The fragment "pho" is a text pattern that is a literal match for the three characters found in the search string "Euphoria". A blank space (invisible as it is) is also a valid character.

Demo program

Experimenting with regular expression is easier if you have a demonstation program. Try the following code as a starting point:

include std/console.e 
include std/graphics.e 
 
   clear_screen() 
 
puts(1, "Test out regular expressions.\n\n" & 
         "Enter string values without \" delimeters\n" & 
         "(do not use #/ / notation)\n\n" ) 
 
sequence haystack = prompt_string( "enter the haystack... " ) 
sequence needle  = prompt_string( "enter the needle..... " ) 
 
include regex.e as re 
   regex r = re:new( needle ) 
   object result = re:find_all( r, haystack ) 
 
   position(15,1) puts(1, haystack ) 
   text_color( YELLOW ) bk_color( BLUE ) 
 
sequence slice 
for i=1 to length( result ) do 
   slice = result[i][1] 
   for k=slice[1] to slice[2] do 
      position(15, k ) 
      puts(1, haystack[ k ] ) 
      end for    
   end for 
 
   text_color( BLACK ) bk_color( BRIGHT_WHITE ) 
position( 20, 1 ) puts(1, "results: " ) print(1, result )   
puts(1, "\n\npatterns matched: " ) ? length( result ) 
 
puts(1, "\n...done...\n" ) 

Simple Find: Euphoria

The Euphoria find() will search for a "needle" object as an element of a Euphoria "haystack" object.

Example 1: 
location = find(11, {5, 8, 11, 2, 3}) 
-- location is set to 3 
  
Example 2: 
names = {"fred", "rob", "george", "mary", ""} 
location = find("mary", names) 
-- location is set to 4 

Think of find() as an extension that goes beyond finding a slice out of a string.

Using regex.e

  • To prevent identifier name clashes we write:
    • include std/regex.e as re
    • The choice re is common because it suggests "regular expression." The library routines then become re:new() instead of just new().
  • Creating a regex involves a pair of routines: new() and free().
    • By analogy think of the open() and close() pair you use with files.
    • We write a regex as a text string, but must "compile" it into an encoded value--hence the variable "r" and the "regex-type." The new() function creates the compiled form we need.
    • The compiled regex is then used in a variety of searching routines, such as the find() function.
    • When done, you free() the memory used by the compiled regex. You may now create another compiled regex.

Metacharacters

Regular expressions are about exotic text patterns that you may use for searching. You must learn the rules of regular expressions before I can show you what can be done. I will often use regex as shorthand for "regular expression."

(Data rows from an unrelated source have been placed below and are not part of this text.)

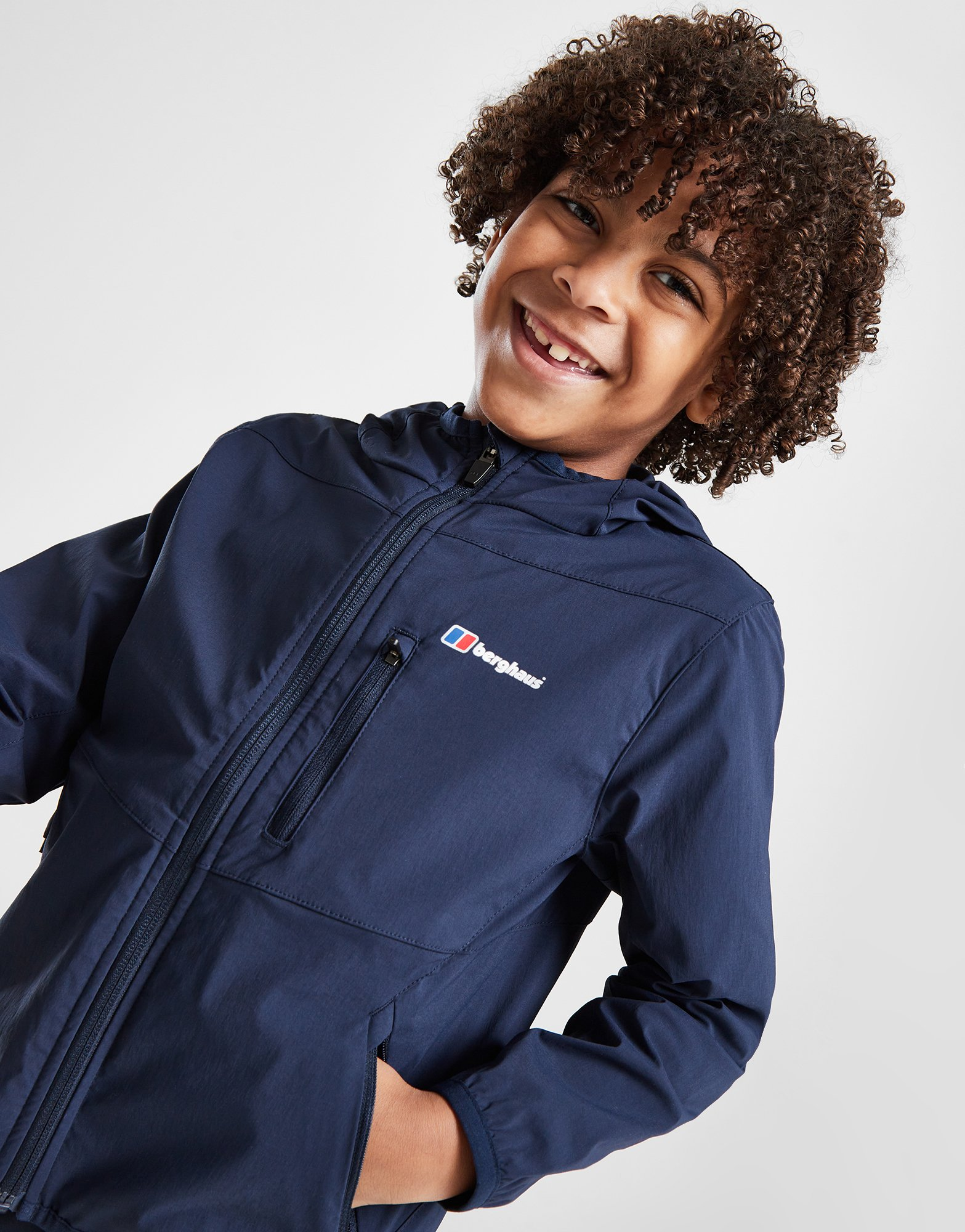 Berghaus Ensemble de survêtement Zippé Theran Enfant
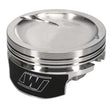 Load image into Gallery viewer, Wiseco Chevy SB 23 Degree Turbo Supercharger Dish Piston Shelf Stock Kit - Main Product View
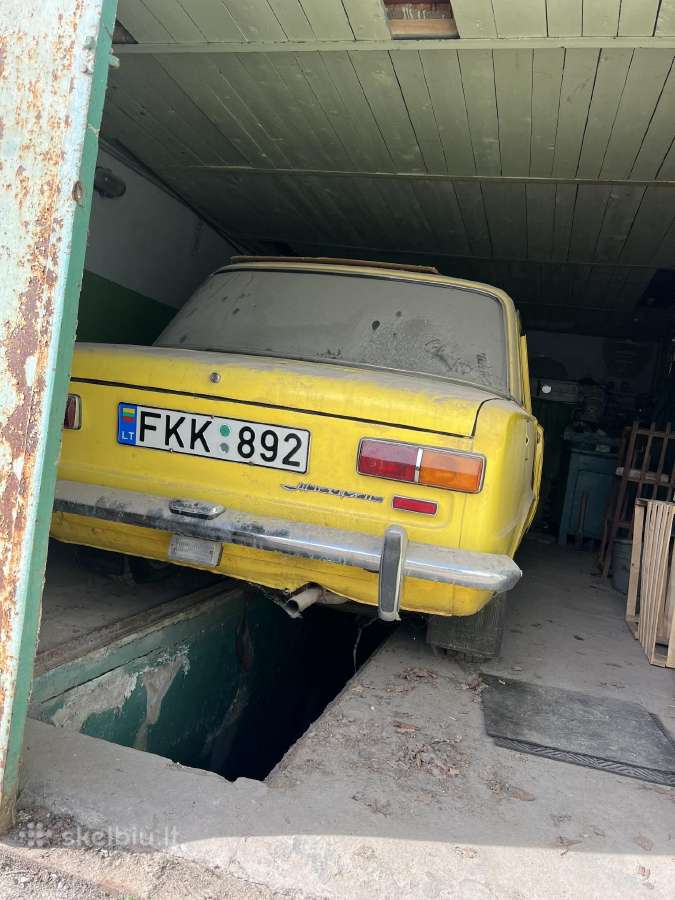 Vaz 2101 - nuotraukos Nr. 2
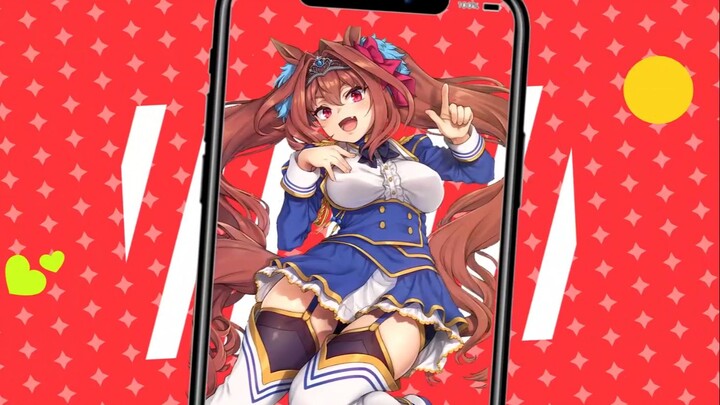 [Uma Musume] What If Daiwa Scarlet Is Your Girlfriend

Some characters have special meaning when used in regular expressions. They are analogous to keywords in Euphoria, and are called metacharacters.

\ . ^ $ * +  ?  @ #  ( ) [ - ] { , }  

Metacharacters are used to define and control how a regular expression is created and used. They are words of the regex language.

When you see one of them, you must reason out what special purpose they are serving.

If you need to use a metacharacter in its literal sense, that character must be "escaped" first. The backslash( \ )is the escape character. When placed before a metacharacter, the metacharacter loses its special meaning.

For example * has special meaning, but \* is just a star.

If you escape the escape symbol, \\ , its special meaning is lost and it is just a backslash.

The escape \ is also used to create special meaning. For example the letter c on its own is just a letter. But combined with an escape the c loses is normal meaning and gains special meaning. The \c is now a command for "lower case" searching.

Another caution, the meaning of a metacharacter may depend on the location where it is used. For example the ^ changes meaning if it's inside or outside square brackets: ^[ ] is very different from [^ ] .

Writing style

A regex is coded using metacharacters and regular characters.

[a-z]+i[a-z]* 

The coded regex is then written as a Euphoria string. A simple regex just needs( " )delimeters and is used as an argument to the re:new() function:

regex sample = re:new( "[a-z]+i[a-z]*" ) 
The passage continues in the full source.